----- Provided records -----

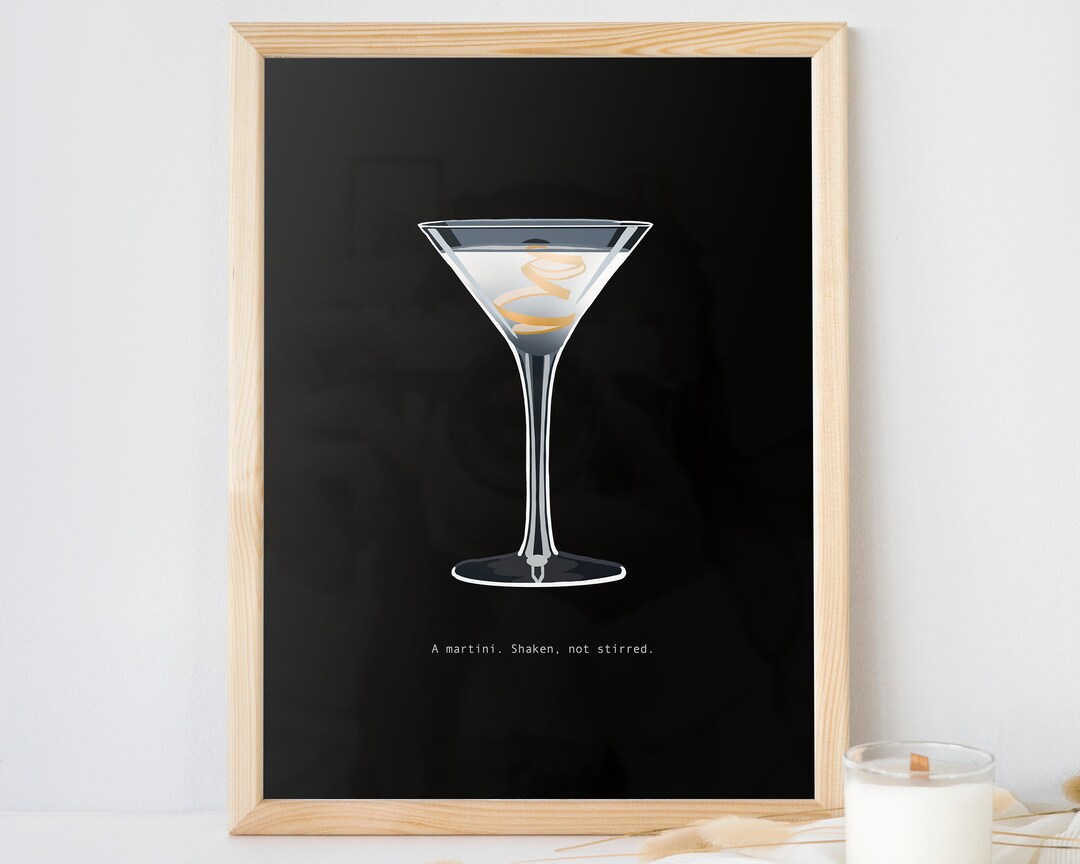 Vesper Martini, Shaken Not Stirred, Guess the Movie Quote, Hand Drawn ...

-----
----- Provided records -----

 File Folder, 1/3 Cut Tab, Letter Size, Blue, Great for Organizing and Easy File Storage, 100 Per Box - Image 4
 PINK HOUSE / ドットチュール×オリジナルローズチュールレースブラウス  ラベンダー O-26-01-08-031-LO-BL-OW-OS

-----

Assigned task
Please, from the entries above, set down exactly the lines from the one containing "File Folder, 1/3" through the one containing "PINK HOUSE /", and only those.

Answer box
 File Folder, 1/3 Cut Tab, Letter Size, Blue, Great for Organizing and Easy File Storage, 100 Per Box - Image 4
 PINK HOUSE / ドットチュール×オリジナルローズチュールレースブラウス  ラベンダー O-26-01-08-031-LO-BL-OW-OS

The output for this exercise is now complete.